New RESIF 3 Framework
Since 2014, the scientific software stack on the ULHPC facility is generated and deployed in an automated and consistent way through the RESIF framework (Revolutionary EB-based Software Installation Framework), a wrapper on top of Easybuild and Lmod meant to efficiently handle user software generation. The main objectives of this project was to fully automate software builds and to supports all available toolchains and software sets through a clean hierarchical modules layout to facilitate its usage and provide an intuitive interface to the users.
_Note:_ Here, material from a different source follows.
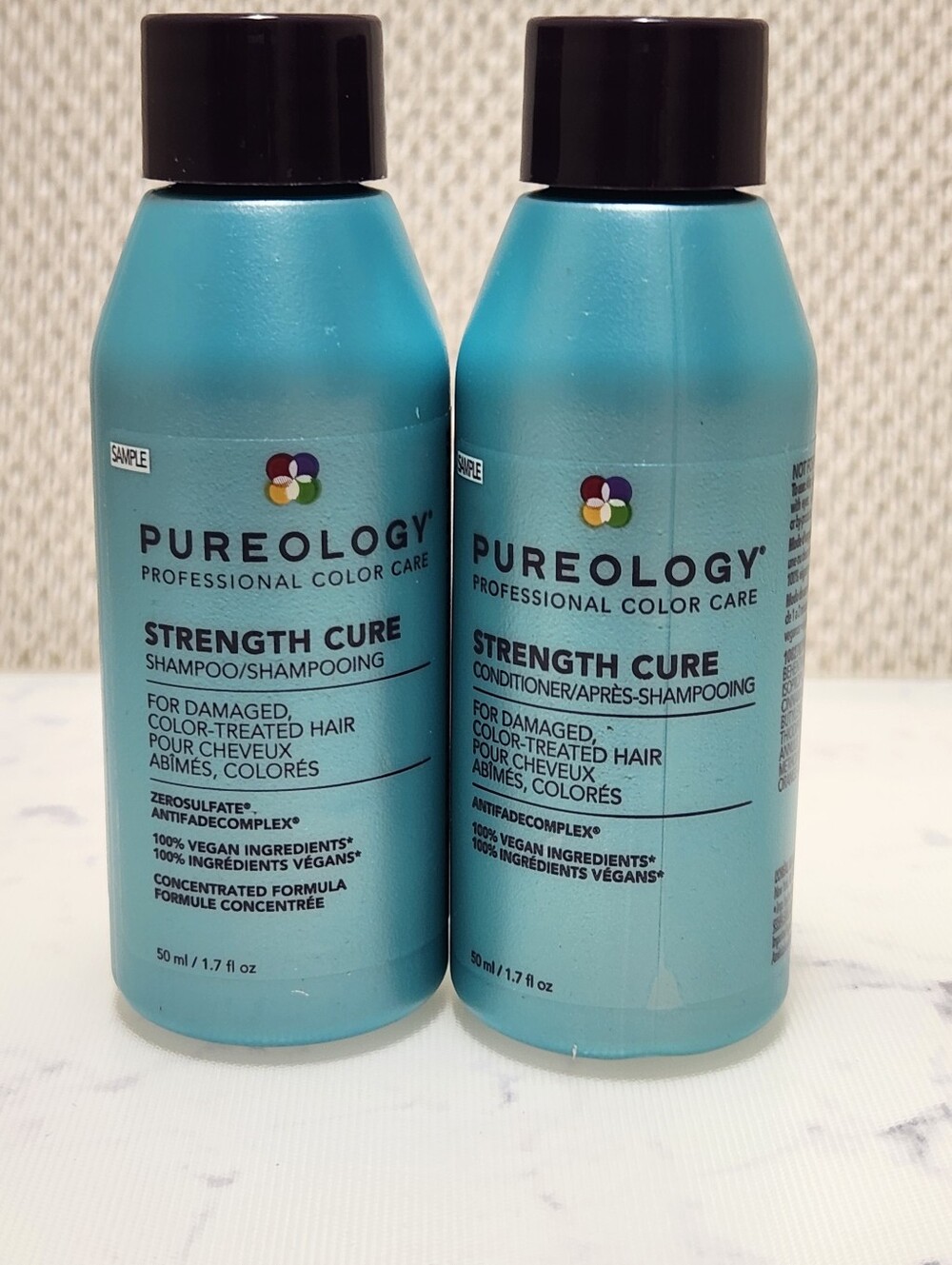 Pureology Strength Cure Shampoo & Conditioner Travel Size 1.7 oz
I also wanted to facilitate the reproducible and self-contained deployment of the complete software stack, coupled with a strong versioning policy between environments and (typically) yearly release cycles.
- The first version was the result of a master project I proposed to Maxime Schmitt in 2014-2015. It was used to produce the following ULHPC software environments:
- 2013-2015 software set (377 software packages)
- 2015-2017 software set (133 software packages)
- A large code refactoring (bringing RESIF 2) was performed in 2017 to better handle different software sets and roles across multiple clusters, all piloted through a dedicated control repository. Sarah Peter and Valentin Plugaru were mainly taking care of the updates at this level to produce the following ULHPC software environments:
- 2017-2018 software set (165 software packages)
- 2018-2019 software set (210 software packages)
- 2019a software set (239 software packages)
Yet after these 3 last environment releases, the limitations induced by RESIF 2 were clear and the corresponding workflow proved to be quite complex and hard to maintain. Furthermore, the broken compliance with streamline EasyBuild developments led to an explosion of custom configurations.
With the advent of the new Aion supercomputer featuring a different CPU architecture (AMD Epyc instead of Intel Broadwell/Skylake), and to mitigate the identified limitations, I wanted to rethink completely the framework.
This led to a complete code refactoring leading to the RESIF 3.0 framework presented in [1] at the occasion of the ACM PEARC’21 conference, on July 22, 2021.
- S. Varrette, E. Kieffer, F. Pinel, E. Krishnasamy, S. Peter, H. Cartiaux, and X. Besseron, “RESIF 3.0: Toward a Flexible & Automated Management of User Software Environment on HPC facility,” in ACM Practice and Experience in Advanced Research Computing (PEARC’21), Virtual Event, 2021.
RESIF 3.0: Toward a Flexible & Automated Management of User Software Environment on HPC facility
OpenAccess ACM PEARC'21 Article
Validated against the 2019b and 2020a toolchains with the ULHPC team, it enables the User Software Environment on ULHPC systems for now. it follows that the ULHPC software modules are structured according to the organization depicted below (click to enlarge) through Module bundles (i.e., using the Bundle
easyblock, or the Toolchain
one (derived from the Bundle one) for the ULHPC environment.
The code base is available publicly on Github – see ULHPC/sw
. It is synchronized from our internal repository piloting the deployment. This tool may thus help other HPC centres to consolidate their own software management stack.